I got back from a few weeks in America
about two months ago and I am just now getting around to writing this. My cousin got married in January in San
Francisco so they had a reception at our cabin in central Washington for their
friends and family up there. I also got
to see my nephew, Jaxon, for the first time since he was a month old. So here are a bunch of random pictures:
My mom has always wanted to go to the
Lavender Festival in Sequim, Washington, out on the peninsula. Mom, her friend Yvonne and her granddaughter
Zoey and I went out there. It is not the
manliest festival I have ever been to, but it was fun.
Just to explain my cabin: when I say
‘cabin’ I assume people have one of two images pop into their heads. The first is a manufactured log cabin that is
pretty much a house with a few trees nearby; the other is a small hunting shack
that could follow apart at any moment.
Well, it is neither of those. The
story, if I am remembering it correctly, is that during WWII my great grandpa
Vic bought scrap metal and then resold it to the government. He heard that a sawmill in central Washington
was going out of business. He offered to
buy the metal bits but was told the whole company was for sale. So he bought it, like you do.
The mill was started in 1906 (I think) and
a town sprung up around it (for my British friends imagine Bourneville in the
mountains, and on a smaller scale).
Basically, Gandpa Vic bought a town.
When great grandpa bought it there were houses for families, bunkhouses
for single male workers, a store/company office, a one-room school house next
door to the school master’s house, a butcher’s shop, a mill pond for floating
logs, a railroad running through the town and, of course, all the buildings and
machinery used for the mill. The mill
burnt down a few times, each time being rebuilt but smaller, until the last
time it burnt, sometime in the 80’s.
As the different families moved away my
family gave the empty cabins to other family members and family friends. Some of the cabins, like my aunt’s, are
composites of different cabins and bunkhouses, moved across the camp and
spliced onto a different cabin. There is
a river that runs on side of the property.

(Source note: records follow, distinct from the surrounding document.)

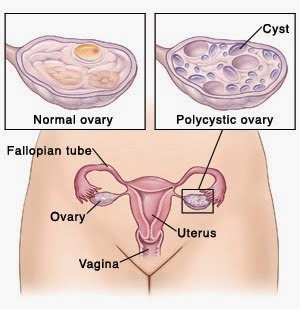  சினைப்பை நீர்க்கட்டிகள் Poly Cystic Ovarian Diseases / Syndrome சினைப்பையில் (Ovary) சிறு சிறு கட்டிகள் காணப்படும் நிலையை  சினைப்பை நீர்க்கட்டிகள் என்று கூறுவர். பெண்கள் கருத்தரிப்பதில் சிரமங்கள் ஏற்படுவது பரவலாக காணப்படுகிறது. இதற்கு சினைப்பை நீர்க்கட்டிகள் 10 சதவீதம் காரணமாக இருப்பதாக மருத்துவ ஆராய்ச்சி தகவல்கள் கூறுகின்றன. கருத்தரிக்க முடியாமல் போகும் பெண்கள் குடும்பத்திலும், சமூகத்திலும் நித்தமும் பல எண்ணற்ற போராட்டங்களை சந்திக்கின்றனர்.  சினைப்பை நீர்க்கட்டிகளை உடைய பெண்களுக்கு ஆண் இன ஹார்மோன்கள் மிக அதிகமாக சுரக்கின்றன. அதிலும் குறிப்பாக டெஸ்டோஸ்டிரான் (Testosterone) அதிகமாக சுரக்க ஆரம்பிக்கிறது. இதன் காரணமாக சினைமுட்டை முதிர்ச்சி அடைந்து வெளிவருவது தடைபடுகிறது.  இதில் பெரும்பாலும் இளம்பெண்களே அதிகமாக பாதிக்கப்படுகின்றனர். 15 முதல் 25 வயதுள்ள பெண்களுக்கு தற்போது அதிகமாக இந்நோய் உள்ளது.  பெரும்பாலும் 1முதல் 5 விழுக்காடு வரையிலான பெண்கள் பாதிக்கப்படுகின்றனர். இந்நோய் தற்காலத்தில் அதிகமாக ஏற்பட மனித வாழ்க்கையில் ஏற்பட்டுள்ள மாற்றங்களும் மன அழுத்தமும்(Stress & Depression) முக்கிய காரணமாக இருக்கிறது.   சினைப்பை நீர்க்கட்டிகள் உடைய பெண்களில் மாதந்தோறும் நிகழும் மாதவிலக்கு சுழற்சி (Menstrual Cycle) சரிவர இருக்காது. 2 - 3 மாதங்களுக்கு ஒருமுறை மாதவிலக்கு சுழற்சி நிகழும். சிலருக்கு மாதவிலக்கு குறைவாக வெளிப்படும்.  இவ்வாறு மாதவிலக்கு தள்ளிப்போவது (Amenorrhea) பல பிரச்சனைகளுக்கு வழிகோலுகிறது. உடல் எடை அதிகரிக்கிறது. ஆண்மைத் தன்மை பெண்களுக்கு மிகுதியாகிறது. ஆண்களைப் போல இவர்களுக்கு லேசாக முகத்தில் ரோமம் வளர ஆரம்பிக்கிறது. தேகத்திலும் ரோமங்கள் வளரும். சினைப்பைகள் அளவில் பெரிதாகும். சினைப்பை நீர்க் கட்டிகளில் நீர் சேர்வதே இதற்கு காரணமாகும்.  சினைப்பை நீர்க்கட்டிகள் உருவாக காரணங்கள் • நோயுண்டாக்கும் காரணத்தை அறுதியிட்டு கூற முடியுமா எனில் இயலாது என்றுதான் கூறவேண்டும். இந்நோய் பெரும்பாலும் பருவமடைந்த பெண்களிடயே காணப்படும் . எனினும் இதன் அறிகுறிகள் கருத்தரிக்கும் காலத்தில்தான் வெளியே தெரிய ஆரம்பிக்கிறது.  • மரபணு மூலமாகவும், பரம்பரையாகவும் இந்நோய் வரலாம். • ஹார்மோன்களின் (Hormonal Imbalance) ஏற்றத்தாழ்வுகளால் இந்நோய் உண்டாகிறது. சில சமயங்களில் அட்ரீனல் ஹார்மோன்கள் அதிகரித்துக் காணும்.   • டெஸ்டோஸ்டிரான் அதிகரித்துக் காணும்.  • புரோலாக்டின் (Prolactine) அதிகரித்துக் காணும்.  மாதவிடாய் கோளாறுகள் (Menstrual Disorders) ஒரு பெண் பூப்பெய்திய பின்(Menarche) முறையாக மாதந்தோறும் ஒழுங்காக மாதவிலக்கு உண்டாகும். இது இயல்பானது. ஆனால் இந்நோய் கண்ட சிலருக்கு மாதந்தோறும் மாதவிலக்கு நிகழாது. சில பெண்களில் மாதவிலக்கு ஏற்பட்டாலும் சினைமுட்டை வளர்ச்சியின்றி மாதவிடாய் நிகழும். இயல்பாக பெண்களில் மாதந்தோறும் சினைப்பையில் இருந்து ஒரு சினைமுட்டை வளர்ந்து வெளிப்படுகிறது.  0.5-1 மி.மீ. அளவிலான கட்டிகள் சினைப்பையில் ஓரத்தில் காணப்படும். பத்துக்கு மேற்பட்ட கட்டிகள் காணப்படும். 20 மி.மீ. அளவுக்கு மேல் கட்டிகள் பெரும்பாலும் பெரிதாவதில்லை. சினைப்பையின் மேற்பரப்பில் ஸ்கேன் சோதனையில் கட்டிகள் காணும். சினைப்பை அளவில் பெரிதாக காணப்படும்.  இந்நோயுற்ற பெண்களுக்கு உடல் எடை அதிகரிக்கும். இடுப்பு சுற்றளவு 35 அங்குலத்திற்கு அதிகமாக இருக்கும். உடல் எடை அதிகரிக்க ஆரம்பித்தவுடன் காரணத்தைக் கண்டறிந்து சிகிச்சை மேற்கொள்ளல் அவசியம்.  மலட்டுத் தன்மை (Infertility) சினைப்பை நீர்கட்டிகள் பெண்களுக்கு உண்டாகும் மலட்டுத் தன்மைக்கு 30% வரை காரணமாக இருக்கிறது. சாதாரணமாக கருத்தரிக்க இயலாமல் சிகிச்சைக்கு வரும் பெரும்பாலான பெண்களுக்கு இந்நோய் இருக்கிறது. இதற்கு சிகிச்சையளித்தாலே கருத்தரிக்கும் வாய்ப்பு அதிகரிக்கும்.  முடி வளர்ச்சி (Hirsutism – Hair Growth on Face and Body) பெரும்பாலும் பெண்களுக்கு முகத்திலும், உடலிலும் அதிகளவில் முடிகள் இருப்பதில்லை. இந்நோயால் பாதிக்கப்பட்ட பெண்களுக்கு ஆண்களைப் போல அதிக முடிவளர்ச்சி உடலில் உண்டாகும்.  குறிப்பாக மேலுதடு, கீழ்தாடை, மார்பு, முதுகு, அடிவயிறு, தொடை, முன்கைகளில் முடி வளர்ச்சி காணப்படும். தோலில் காணப்படும் மாற்றங்கள்.  உடலில் சில இடங்களில் கருமை நிறம் (Hyperpigmentation) அதிகரித்து காணும்.  பெரும்பாலும் கழுத்து, தொடையின் உட்பகுதி, அக்குள் பகுதிகளில் இம்மாற்றம் காணப்படுகிறது.  ஆய்வுகூடத் தேர்வுகள் (Lab Investigations) • ஸ்கேன் (USG Pelvis) பரிசோதனை செய்வதன் மூலம் சினைப்பை நீர்க்கட்டிகளை உறுதிப்படுத்தலாம். • ஹார்மோன்களின் அளவுகளை பரிசோதனை செய்வதன் மூலமும் கண்டறியலாம்.  மருத்துவம் மற்றும் ஆலோசனைகள் சினைப்பை நீர்க்கட்டிகள் இருக்கின்றன என்பதை சூதகதடை, உடல் எடை அதிகரித்தல் போன்ற அறிகுணங்களைக் கொண்டு யூகிக்கும்போது அல்லது மருத்துவப் பரிசோதனையில் கண்டுபிடிக்கும்போது பெண்கள் செய்யவேண்டிய முதற் காரியம் அவர்களது உடல் எடையை குறைக்கும் நடவடிக்கைகளில் இறங்குவதேயாகும்.  உடல் எடையை குறைத்தல் - Weight Loss தினமும் காலை அல்லது மாலை வேளையில் 3 முதல் 5 கி.மீ தொலைவு வரை நடைபயிற்சி மேற்கொள்ளலாம். நடைபயிற்சி மேற் கொள்வதால் உடலிலுள்ள தேவையற்ற கொழுப்புகள் கரைய ஆரம்பிக்கின்றன. நடைபயிற்சி மூலம் ஒரு மாத காலத்திலேயே நல்ல பலனை அடையலாம்.  நடை பயிற்சியுடன் உணவு கட்டுப்பாட்டை பின்பற்ற வேண்டும். அதிக கொழுப்பு மிக்க பால் பொருட்கள், சாக்லேட், ஐஸ்கிரீம், ஆட்டிறைச்சி, எண்ணெயில் பொரித்த பலகாரங்கள், இனிப்பு வகைகளை குறைத்துக்கொள்ள வேண்டும்.  இயற்கை உணவுகளான காய்கறி, கீரை இவற்றை அதிகம் சாப்பிட வேண்டும்.   புகைப்பிடிக்கும் பெண்களாக இருந்தால் அந்த பழக்கத்தை அறவே விடவேண்டும். புகைப் பிடிப்பதால் ஹார்மோன் அளவுகளில் மாற்றம் ஏற்படுகிறது.  முடிகளை நீக்குவதற்கு பல வழிகள் இருக்கிறது. சவரம் செய்தல், பிளீச்சிங் செய்தல், வாக்சிங் செய்தல் போன்ற முறைகளை கையாளுவதற்கு முன்பு மருத்துவரின் ஆலோசனையை நாடவேண்டியது அவசியம். எலக்ரோலைசிஸ் மற்றும் லேசர் முறையில் தற்போது முடிகளை சிறப்பாக நீக்குகின்றனர். ஆனால் செலவு அதிகம்.  தகுந்த சிகிச்சை மூலம் கருத்தரிக்கும் வாய்ப்பு கண்டிப்பாக உண்டாகும் என்பதால் சினைப்பை நீர்க்கட்டிகள் உள்ளவர்கள் மருத்துவர் ஆலோசனையை நாடுவது இன்றியமையாத தாகும்.   மாதவிடாய் சீராக சினைமுட்டை முதிர்ச்சியடைந்து வெளிப்படுதலைத் தூண்ட ஆங்கில மருத்துவர்கள் ஹார்மோன் சிகிச்சை அளிக்கின்றனர். பொதுவாக இம்மாதிரியான சிகிச்சையால் பக்க விளைவுகள் ஏற்பட வாய்ப்புண்டு என்பதை மறுப்பதிற்கில்லை. எனவே சினைப்பை நீர்க்கட்டிகளுக்கு ஏற்ற மருத்துவம் ஹோமியோபதி மருத்துவமே என்று கூறலாம். நோயின் அறிகுறிகளுக்கேற்ற மருந்துகள் என்ற அடிப்படையில் சிகிச்சை அளிக்கப்படுவதால் பக்க விளைவுகளின்றி அறுவை சிகிச்சையின்றி சினைப்பை நீர்க்கட்டிகளை கரைக்கலாம். சினைப்பை நீர்க்கட்டிகள் கரைய தொடங்குகின்ற போதே சினைமுட்டைகள் முதிர்ச்சியடைந்து வெளிப்படும் சூழல் உருவாகிறது.      சினைப்பை நீர்க்கட்டிகள் Poly Cystic Ovarian Diseases / Syndrome சிகிச்சைக்கு தொடர்பு கொள்ளவும் சிறப்பு மருத்துவர் செந்தில் குமார் தண்டபாணி அவர்களிடம் இதைப்போன்ற சினைப்பை நீர்க்கட்டிகள் Poly Cystic Ovarian Diseases / Syndrome பிரச்சினைகளுக்கு அலோசனை &  சிகிச்சை பெற்று பலர் நல்ல பலனடைந்திருக்கிறார்கள். மருத்துவர் செந்தில் குமார் அவர்களை சென்னை, வேளச்சேரி விவேகானந்தா ஹோமியோபதி கிளினிக் & உளவியல் ஆலோசனை மையத்தில் சந்திக்கலாம். முன்பதிவு அவசியம். முன்பதிவிற்கு தொடர்புகொள்ளவும் 9786901830, மின் அஞ்சல்: consult.ur.dr@gmail.com    மேலும் விபரங்களுக்கும் ஆலோசனைக்கும் சிகிச்சைக்கும் தொடர்பு கொள்க விவேகானந்தா கிளினிக் ஆலோசனை மையங்கள் & தொடர்பு எண்கள் சென்னை:- 9786901830  பண்ருட்டி:- 9443054168  புதுச்சேரி:- 9865212055 (Camp) மின் அஞ்சல் : consult.ur.dr@gmail.com, homoeokumar@gmail.com   முன்பதிவிற்கு அழைக்கவும் அல்லது மின் அஞ்சல் அனுப்பவும்.  முன்பதிவிற்கு: உங்களின் பெயர் - வயது – அலைபேசி எண் – பிரச்சனை (ஒரு வரியில்) தேதி – கிழமை – இடம், முதலியவற்றை குறுந்தகவல் மூலம் அனுப்பவும்.  உதாரணம்: ரம்யா - 28 – 99******00 – PCOD – 20-12-2013 – சனிக்கிழமை – சென்னை, மருத்துவர் உங்களின் முன்பதிவை குறுந்தகவல் மூலம் உறுதிப்படுத்துவார்.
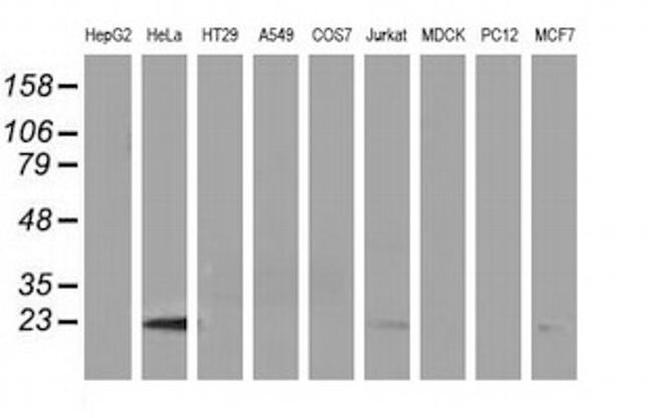 LIN7B Antibody in Western Blot (WB)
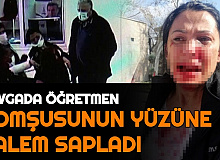 Kavgada Öğretmen, Tartıştığı Kadının Yüzüne Kalem Sapladı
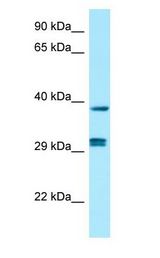 PPP1CB Antibody - PPP1CB antibody Western Blot of Fetal Kidney.  This image was taken for the unconjugated form of this product. Other forms have not been tested.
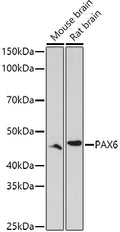 Western blot analysis of extracts of various cell lines, using PAX6 antibody  at 1:1000 dilution.
Secondary antibody: HRP Goat Anti-Rabbit IgG   at 1:10000 dilution.
Lysates/proteins: 25ug per lane.
Blocking buffer: 3% nonfat dry milk in TBST.
Detection: ECL Enhanced Kit .
Exposure time: 180s.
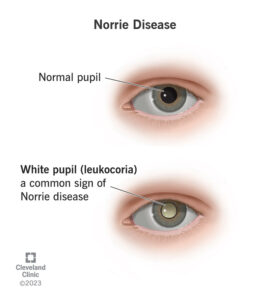 1706647226 25143 norrie disease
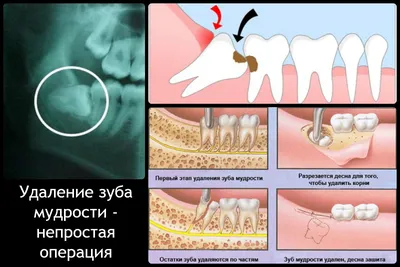 Воспалилась десна после удаления зуба: почему так происходит и что нужно  делать?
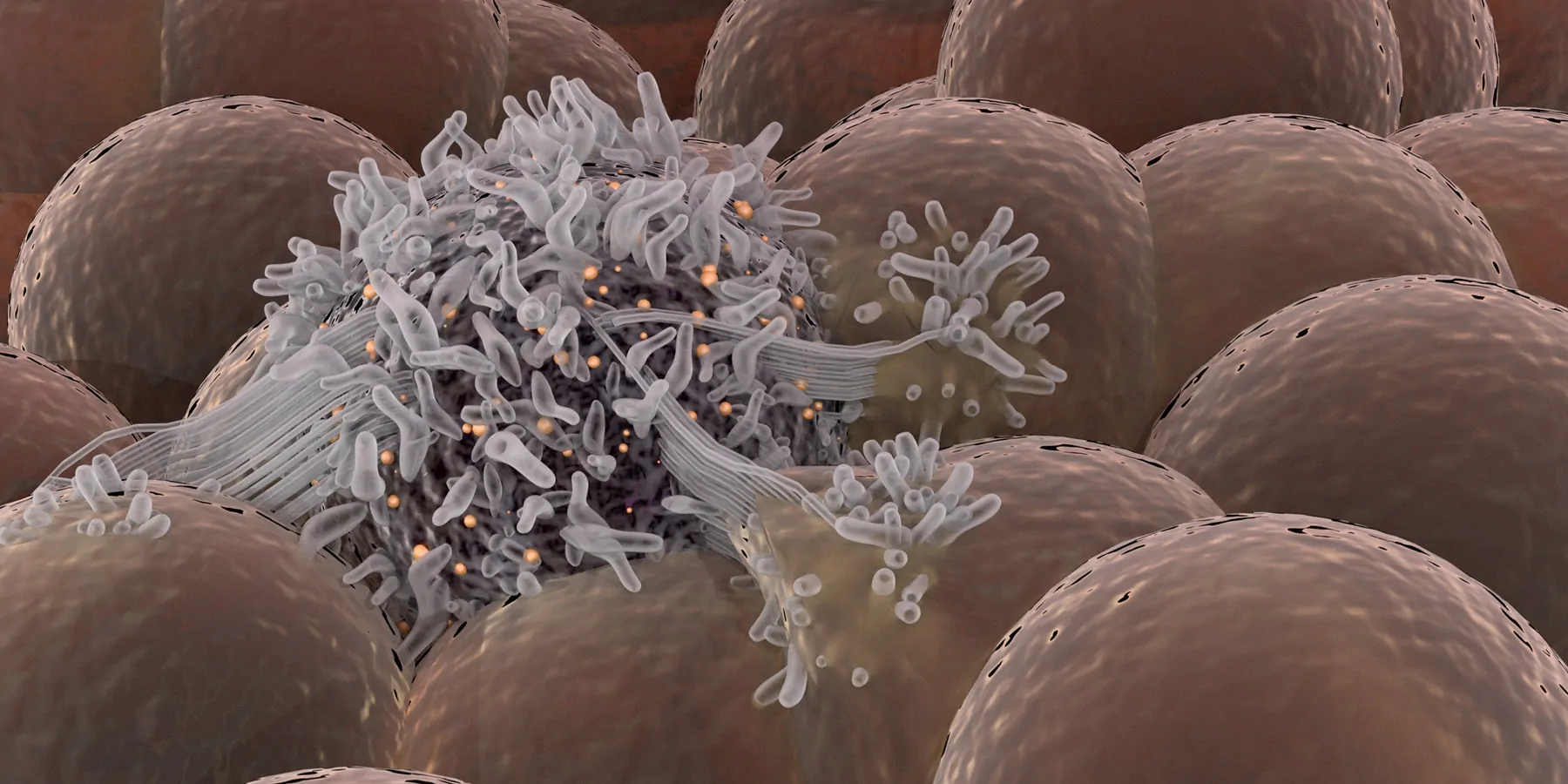 Computer image of cancer spreading among healthy cells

Every Spring when the snow melts the river bed fills with water and new
channels are carved. Once the water
recedes the deeper channels still run with water and we pick the best to use as
a swimming hole. We then make a small
damn to make the water a bit deeper (usually the deepest part is around one and
a half to two feet deep); we call it the ‘crik and it I the centre of the Cabin
Creek social scene.
On a good Summer day our schedule can go
like this (and did, while I was there): wake up; have breakfast either at your
own or at grandma’s or Jenny and Koko’s (Jenny is my aunt and Koko is her
husband, who used to own a fantastic restaurant in San Francisco before
retiring); maybe do a few chores or drive to town to go to Safeway for
groceries; then get together and walk to the ‘crik; Once at the ‘crik we sit on
chairs in the water, drinking beer, splashing ourselves with water to stay cool
(or just dunk ourselves…remember the water is from the mountains and is
take-your-breath-away cold), eating peanuts and talking. This goes on until the sun disappears behind
the trees (this summer that was around 5.30pm).
This year we found a much deeper swimming
hole about five minutes up stream from the one we usually use. It was really nice to be able to actually
swim in the water, as opposed to sitting in knee deep water.